Glass sponge: ghost gardens at the bottom of the abyss (9 photos)

Category: Nature, PEGI 0+
14 February 2024

Do you know the Eiffel Tower? We declare with confidence that this is total plagiarism. Glass sponges developed advanced engineering solutions at least 540 million years ago! When did homo sapiens appear there? That's right, we are not suitable for these sponges as foreman!





So, Stasyan, we got here to climb. How to get out now? In the photo, some deep-sea crustaceans decided to hide inside the sponge.

Glass sponges, or six-rayed sponges, are a huge and truly amazing class of invertebrate animals. Scientists count about 600 types of glass, but given their lack of knowledge, there may actually be much more sponges.



So, are you alive? Or is it already lifeless? Or half-alive and half-dead? Unclear...

Outwardly, most of them look similar to each other and do not at all resemble living beings. An observer unenlightened in the intricacies of biology will easily confuse a sponge with a ghost of the ocean, whose ethereal remains are chained to the bottom by invisible ballast. The reef of translucent bodies can stretch 20 meters in height and 7 kilometers in length! Truly a fascinating and frightening sight!





Be careful, friend. Next begins the territory of the afterlife, otherworldly world.

But knowledgeable people noticed many functional solutions in the design of the sponges and put them into practice! And it’s not surprising, because glass sponges are the world’s first architects! As befits ghosts, glass sponges are ancient creatures.
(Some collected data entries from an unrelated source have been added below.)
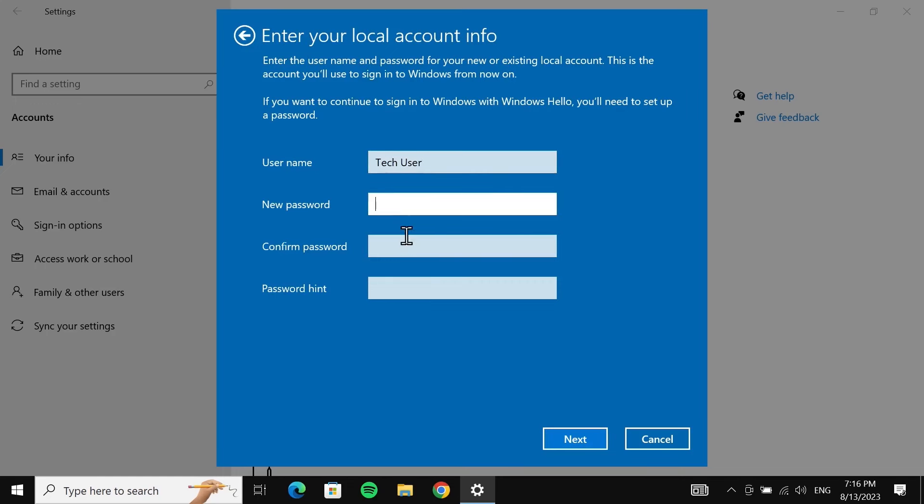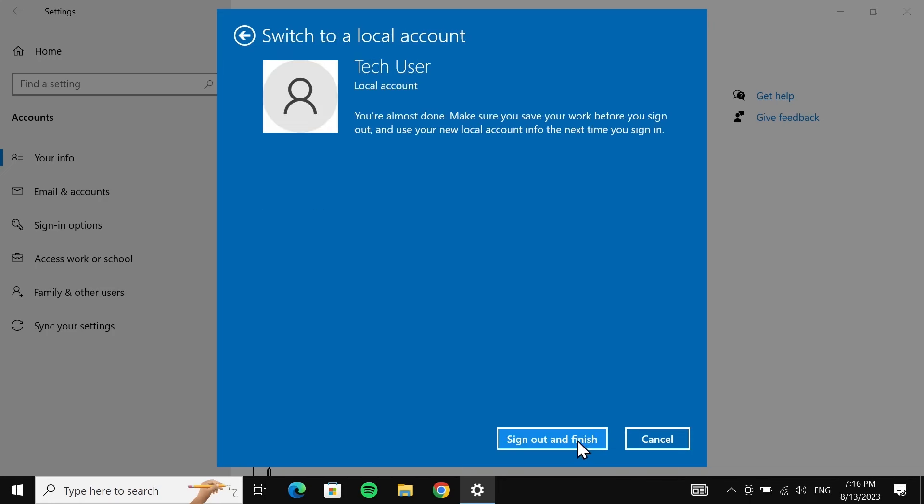Then leave these two fields blank if you don't want to use any password, but you need to type in a password hint. So just type in anything and then click on Next, and then click on Sign out and finish.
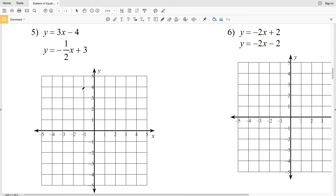In this video I'm going to finish the Infinite Algebra 1 free worksheet on solving systems of equations by graphing, picking up where we left off at number five. We're going to be using slope-intercept form to plot each of the equations, find the intersection, and that intersection will be our answer.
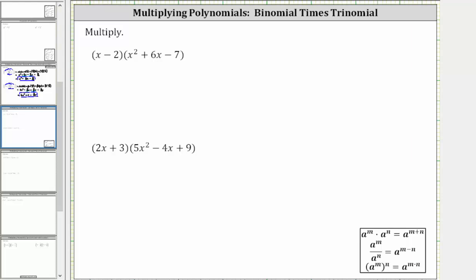To multiply two polynomials, we distribute each term in the first polynomial into the second polynomial. For our two examples, we have a binomial times a trinomial. And therefore, to find the product, we distribute both terms in the binomial into the trinomial.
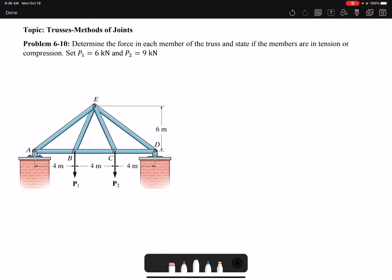Hello everyone. Today I'm going to solve problem 10 of chapter 6: determine the force in each member of the truss and state if the members are in tension or compression. Set P1 = 6 kN and P2 = 9 kN.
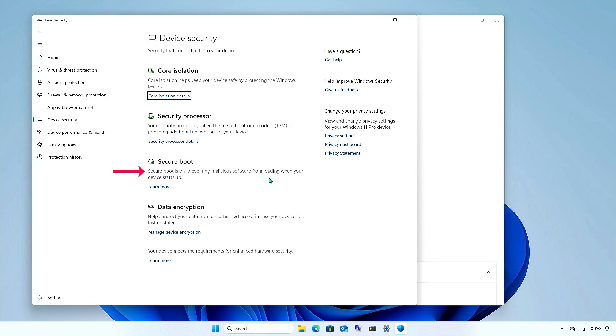Under the Secure Boot section, you can see if Secure Boot is enabled or not. That's it. Thanks for watching. Don't forget to like and subscribe.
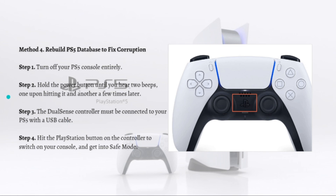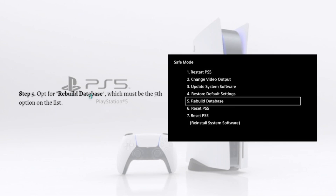First, turn off your PS5 console entirely, then hold the power button until you hear two beeps — one upon pressing it and another a few seconds later. The DualSense controller must be connected to your PS5 with a USB cable. Hit the PlayStation button on the controller to enter safe mode, as shown in the photo. Then opt for rebuild database, which is the fifth option on the list.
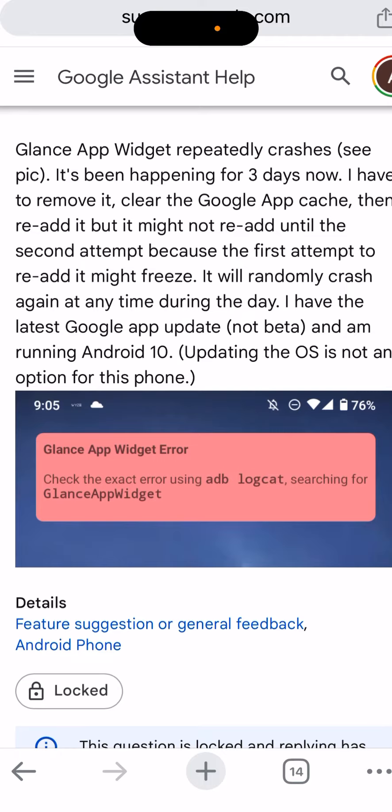One thing you can do as a temporary fix is to reinstall the widget or update the app, and it can temporarily resolve the issue.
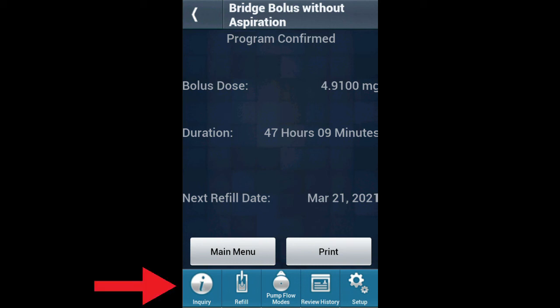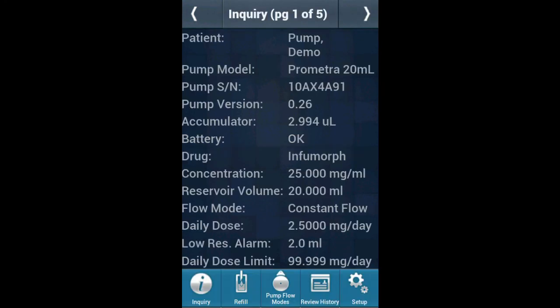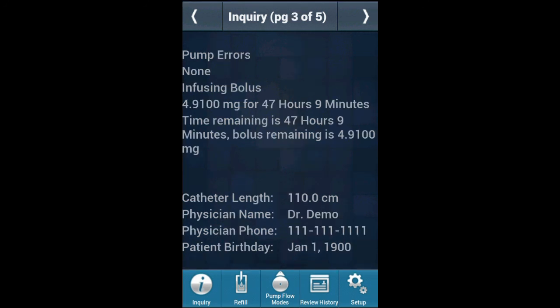To perform a final inquiry, click on Inquiry and place the programmer over the pump. Confirm the newly programmed settings. Also confirm that the bolus is infusing by scrolling to the third page using the arrow in the top right corner.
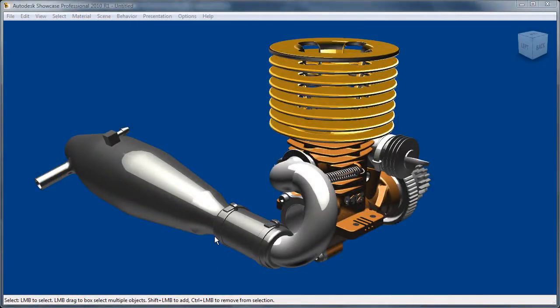Hello, everyone. Welcome to the next section of Showcase and Inventor.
So much so that, probably, before their “eyes” the evolution of single-celled living organisms into multicellular compounds took place. But even then, half a billion years ago, they learned to build structures so perfect that modern bipedal engineers take their developments as the basis for modern buildings.



The older the sponge “garden” is, the less transparent it becomes. Breathtaking landscape!

The world-famous Eiffel Tower, the London Cigar Skyscraper, the Barcelona Hotel and many other buildings were designed according to the principles of glass sponges. And this is just the beginning! Leading engineers and researchers say that six-beams will help humanity build better, higher, bigger and more reliably. And not only skyscrapers: the same principles are quite applicable to huge bridges, and even to spaceships! So what is the secret of glass sponges?



A pathetic fake (Skyscraper cigar) and a unique original (glass sponge).

Today there are three of them known. Firstly, the material. The translucent body of the animal, which seems soft and fragile, is actually made of natural glass! Sponges learned to make it from silicon long before humans developed smelting furnaces: they absorb silicic acid and create spicules from it - structural elements of their body, which form a single skeleton. This is how the spineless creature takes on a solid form.



Even the “hairs” on the body of a sponge are made of glass!

Glass is a fragile thing, the reader will rightly note. And we will agree with you. But glass sponges are not. They can withstand pressure at depths of over 6 km and withstand underwater currents and marine life. And all thanks to the second secret. If you look closely at how the body of a sponge is structured, you will see not chaos, but a refined pattern.



Trypophobes should quickly scroll through this photo.

Individual tiny spicules fold into fibers, fibers into lattices, and lattices into thin layers of glass-like structure. This is how the external skeleton of the sponge is formed. It is still unknown how such ancient organisms learned to build mathematically perfectly verified patterns. But they had plenty of time to think: according to some data, the lifespan of one sponge is about 15,000 years. According to others - all 40,000.



Depending on the type, glass sponges have a variety of shapes and sizes. Some look like balloons on strings.

With age, sponges acquire useful acquaintances. And this is theirsthird secret. It turns out that glassy fibers not only support the structure, but can conduct and direct light. This makes the sponges themselves neither hot nor cold, but symbiont organisms really need light. They live on, in and around sponges, helping them develop and obtain food.



Like all sponges, our heroes are filter feeders. All their lives they peacefully pass water through themselves, absorbing the organic substances in it.

This property of animals can help with another human problem - data transfer. Conventional wires, now used everywhere, have a number of disadvantages. Fiber optics aren't perfect either. But the fibers of the skeleton of glass sponges, according to some studies, have properties that are much better than our human developments for transmitting data. Almost perfect!

Well, the saying was right: everything new is well forgotten old! All that remains is to remember, implement and remember to thank our ghostly helpers - without their developments we would have had a hard time!